Sunday, March 25, 2018

Review: Das Schweigende Klassenzimmer (The Silent Revolution)


Das Schweigende Klassenzimmer (2018): Written and directed by Lars Kraume.  Starring: Leonard Scheicher, Tom Gramenz, Lena Klenke, Isaiah Michalski, Jonas Dassler, Ronald Zehrfeld, Florian Lukas, Joerdis Triebel, Michael Gwisdek, Burghart Klaussner, Max Hopp, and Judith Engel.  Running Time: 111 minutes.  Based on the non-fiction book of the same name by Dietrich Garstka. 

Rating: 3.5/4


            Despite modern classics like Goodbye, Lenin and Das Leben Der Anderen, the experiences of life in Communist East Germany remain a topic relatively untouched by German cinema.  Why this is I couldn’t say, except to hazard a guess that it’s still #toosoon, too fresh for many still alive who remember it and could claim offense or misrepresentation.  After all, how many decades did it take American WWII films to move beyond simple, unquestioning sanctification of “The Greatest Generation?” 

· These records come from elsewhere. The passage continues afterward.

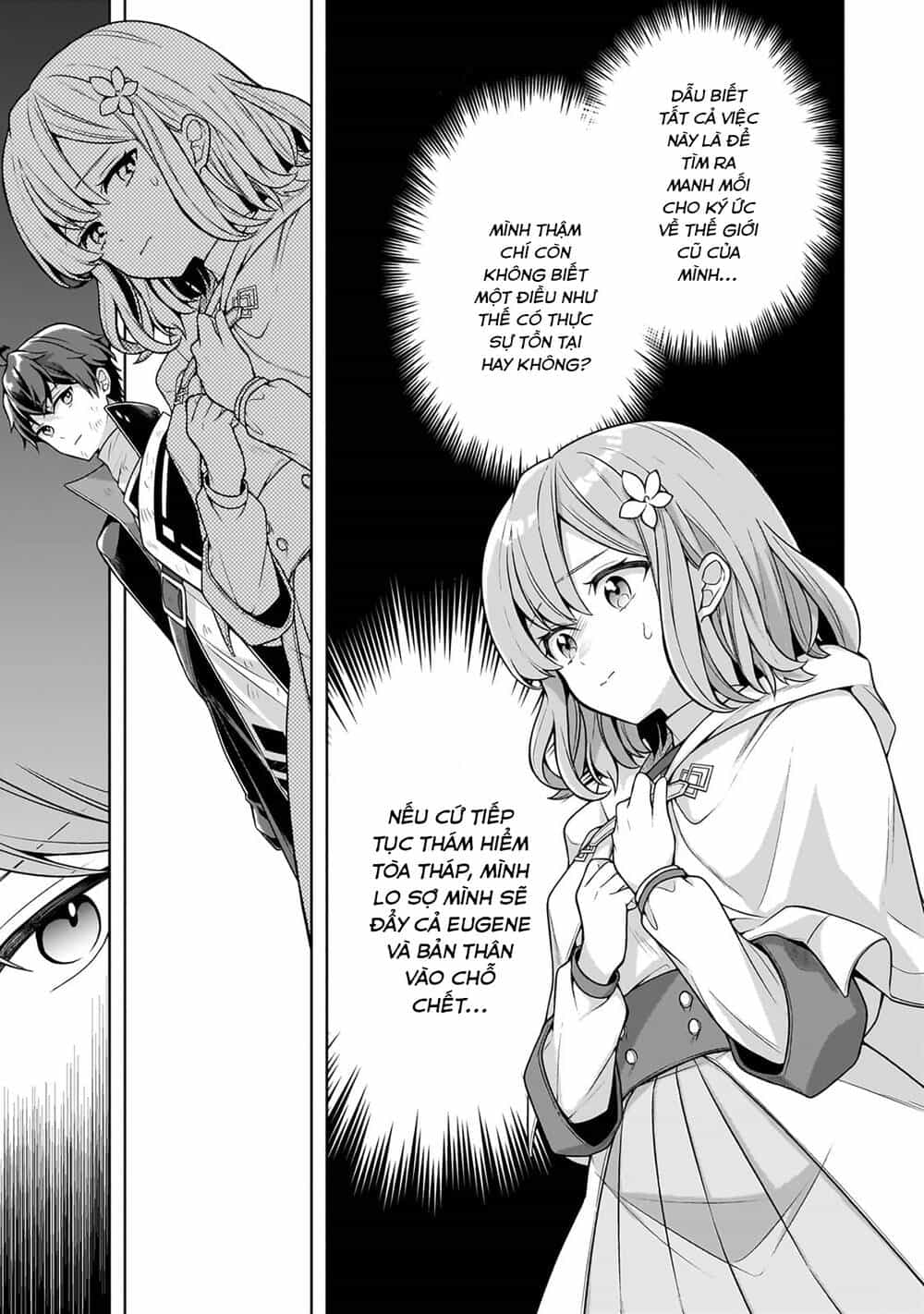 Kougekiryoku Zero Kara Hajimeru Kenseitan - Chương 13 - ảnh 13
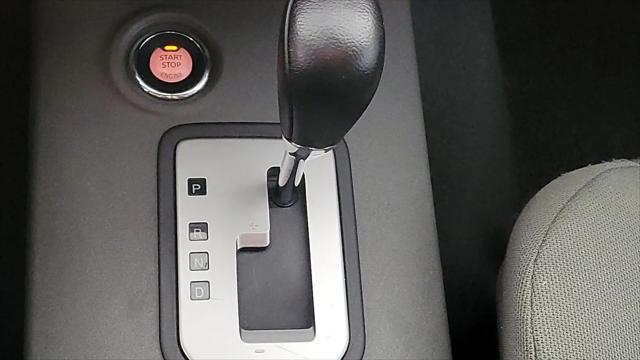 2020 Nissan Frontier Crew Cab SV 4x2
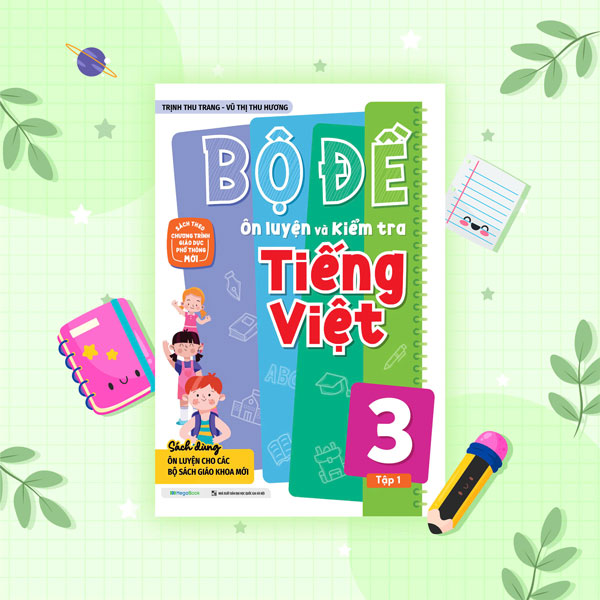 Bo
						
										
										Bo De On Luyen Va Kiem Tra Tieng Viet 3 - Tap 1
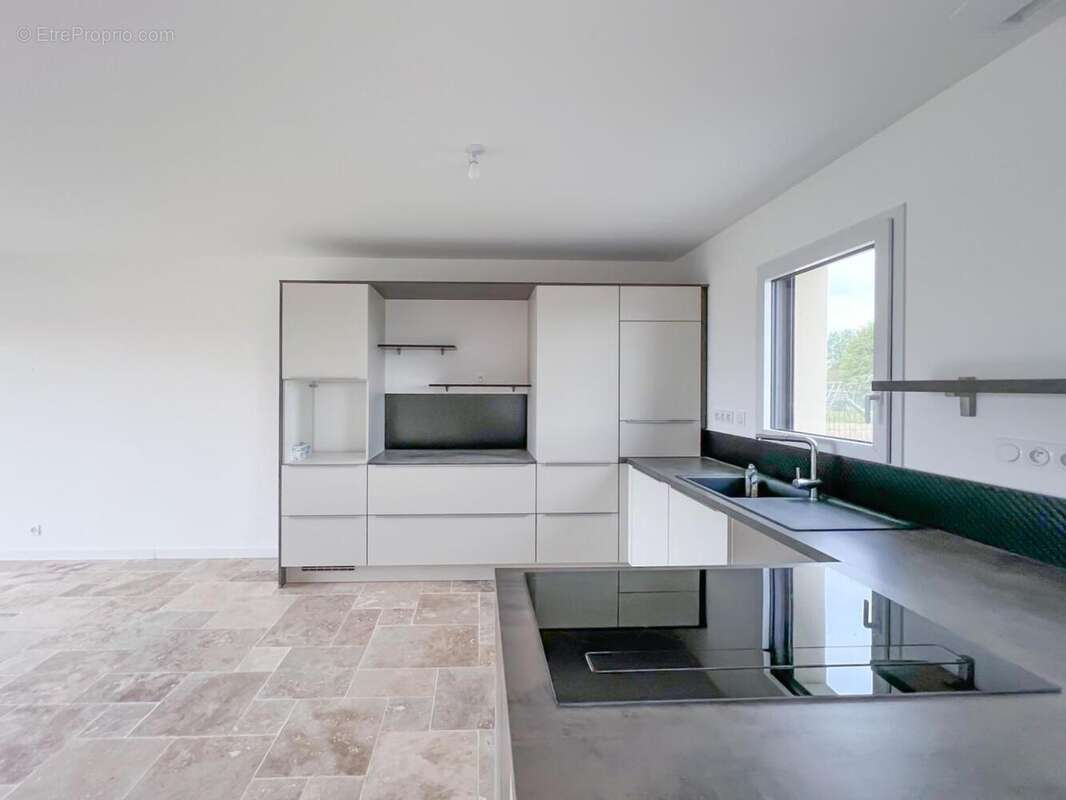 GASTINEAU 12 - Maison à SAINT-AUBIN-D'AUBIGNE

            This makes Das Schweigende Klassenzimmer a bit of an oddity in the recent upswing of major German movies to come out in recent years.  Starring a bevy of young acting talents, it tells the story of a class of Abitur students (the German equivalent of a high school degree) who find out the hard way the price of being a disobedient teenager in a restrictive society.  At first, they think nothing of meeting in secret to listen to RIAS, the radio station of democratic West Berlin that was explicitly forbidden as capitalist propaganda within East Germany.  One day in 1956, a chilling report comes through of the Soviet’s brutal repression of an attempted democratic movement in Hungary.  This immediately strikes at their clear-eyed sense of a morally simple world- the eternal prerogative of the young- and they decide rather spontaneously to hold a protest minute of silence at school the next day, as a show of solidarity with their fellow Hungarian socialists.   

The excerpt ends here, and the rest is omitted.